Anti Brute-Force

[LTDNorb]

Quote from the announcement:

At 3 pm, I was notified of the breach. Being rather surprised by the situation and trying to figure out what happened, things didn't look good. Half an hour later, I contacted uakf.b informing him about the breach and we have taken measures to counter the "hack" (which, in fact, was just a mere brute-force of a forum user's password; how exactly he got the user's password is unknown to us though).

I don't quite understand the red-highlighted part in combination with the blue-highlighted part, as it explains how the password was stolen.

As a general suggestion, I wanted to bring up to disable an account after 3-5 consecutive failed attempts. E-Mail with unlock-link would be generated, to ensure that the person with the right E-Mail can unlock the account. Maybe even send an E-Mail for each failed attempt, in case someone tries to 'hack' it bit by bit.

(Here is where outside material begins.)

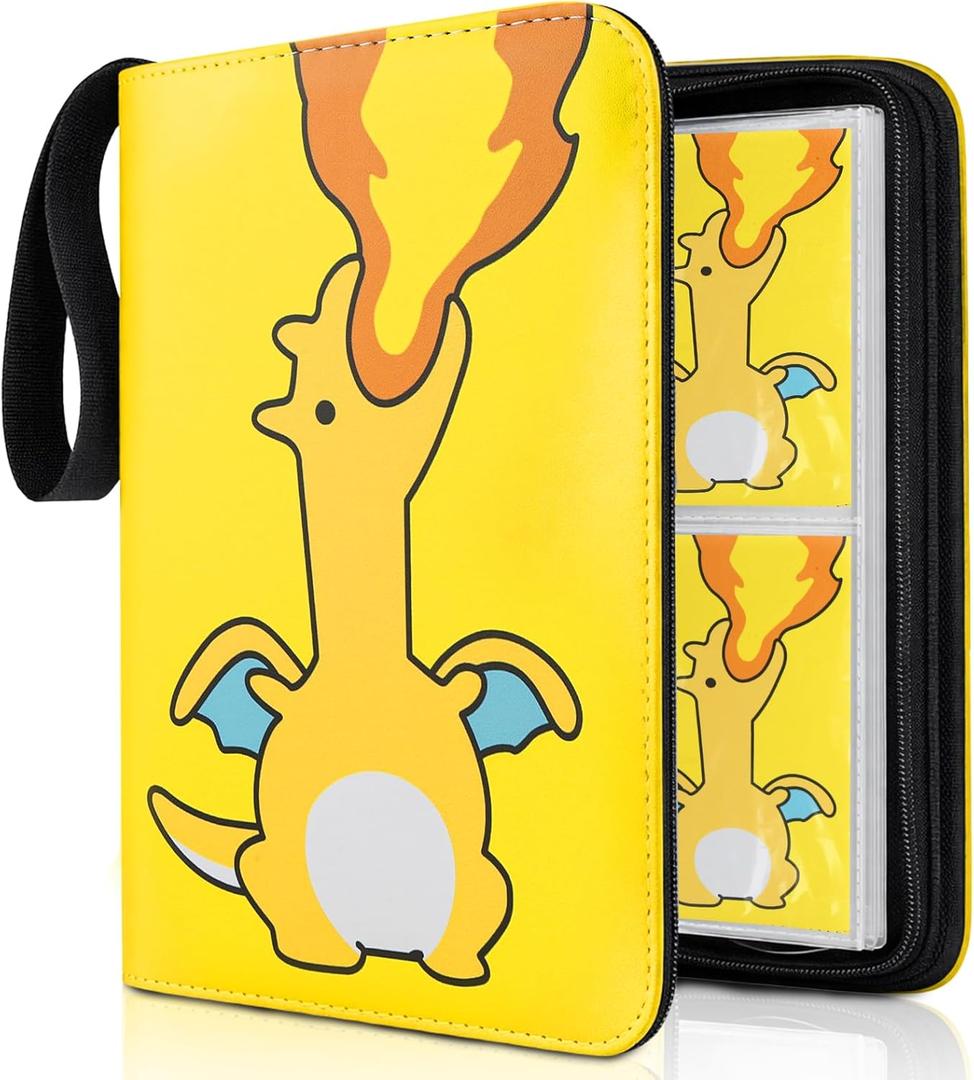 Premium Trading Card Binder 400 Pockets Card Holder with 50 Removable Sleeves, Collection Binder Album Book with Zipper for Game Cards (01 fire dragon)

Edit: Or maybe just for Staff Members if the rest could cause too much hassle/confusion?

[aRt)Y]

@LTDNorb phpbb blocks login attempts after 3 or 5 times by default and temp. bans the IP. Therefore, casually brute-forcing it is not possible. However, an attacker could use proxies any time and circumvent this. (Unless phpbb blocks the logins for the account itself rather than IP, then never mind).

Anyhow, the staff member has been informed to change his passwords (as it might have been stolen on other sites ("phishing")).

We already considered two factor auth. but given ENT does no longer implement technical things, we did not proceed. The staff dept's accounts have been changed to be non-delete-able/non-alter-able. Plus, staff members will no longer have ACP access.

We might re-consider the forum extension though.